17 なお、BCP策定の長期的な効果を確認するため、2016年の売上高を利用して同様の分析を行ったが、BCP策定企業、策定していない企業の間で有意な差は観察されず、取引先の業績の間にも有意な差はなかった。

〔2〕まとめ

以上、中小企業におけるBCPの策定状況などについて見てきた。全体の策定率は約17%にとどまっており、一層取組を進めていく余地があることが分かった。BCPを策定したきっかけとしては、自身の被災経験や販売先・行政機関からの勧めが多く、今後も周囲の働きかけが重要となることがうかがえる。
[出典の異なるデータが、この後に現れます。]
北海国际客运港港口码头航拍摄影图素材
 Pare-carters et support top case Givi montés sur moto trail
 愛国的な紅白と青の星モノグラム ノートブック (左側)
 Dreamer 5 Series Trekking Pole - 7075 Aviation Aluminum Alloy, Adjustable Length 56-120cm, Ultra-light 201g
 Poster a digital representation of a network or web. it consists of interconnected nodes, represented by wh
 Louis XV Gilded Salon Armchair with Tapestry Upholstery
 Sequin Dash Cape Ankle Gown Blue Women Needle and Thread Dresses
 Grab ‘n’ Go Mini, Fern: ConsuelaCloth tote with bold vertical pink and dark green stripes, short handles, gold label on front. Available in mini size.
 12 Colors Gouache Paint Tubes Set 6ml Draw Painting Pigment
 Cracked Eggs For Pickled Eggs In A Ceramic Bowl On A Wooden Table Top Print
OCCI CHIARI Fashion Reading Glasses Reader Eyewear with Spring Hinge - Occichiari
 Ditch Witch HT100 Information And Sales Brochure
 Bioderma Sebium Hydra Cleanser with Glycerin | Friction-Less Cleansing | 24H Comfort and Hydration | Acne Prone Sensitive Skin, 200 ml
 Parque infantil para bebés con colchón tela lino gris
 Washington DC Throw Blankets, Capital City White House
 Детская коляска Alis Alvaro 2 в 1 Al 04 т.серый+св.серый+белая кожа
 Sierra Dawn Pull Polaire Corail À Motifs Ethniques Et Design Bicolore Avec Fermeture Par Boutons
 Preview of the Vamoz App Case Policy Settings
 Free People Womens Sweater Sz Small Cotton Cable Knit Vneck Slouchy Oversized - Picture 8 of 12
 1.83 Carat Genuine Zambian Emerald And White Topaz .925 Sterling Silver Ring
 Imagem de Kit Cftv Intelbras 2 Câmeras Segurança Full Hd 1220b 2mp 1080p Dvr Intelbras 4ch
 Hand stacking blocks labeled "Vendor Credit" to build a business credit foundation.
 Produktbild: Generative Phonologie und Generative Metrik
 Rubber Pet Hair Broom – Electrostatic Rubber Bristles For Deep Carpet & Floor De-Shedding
策定した場合には、自社における重要業務の見直しに資するなどのメリットがあるものの、人手不足及び取り組むハードルが高いといった理由が策定の障壁となっている。また、今後の策定予定を確認すると、被災経験があった企業においても策定時期が明確になっていない者が大半を占めることが分かった。他方で、BCPを策定していなくとも、自然災害の発生時における自社や他社への影響及び対策などを検討している企業が一定数存在することも明らかになった。

最終的にBCPの策定に至らずとも、中小企業が事前対策を行う場合、自然災害のリスクの状況や、取引先・顧客との関係などを踏まえた身の丈に合った形で検討を進めることが望ましい。各々の中小企業が、できることから一歩ずつ対策を進めていくことで、被災時に早期復旧を可能とする体制が構築されることに期待したい。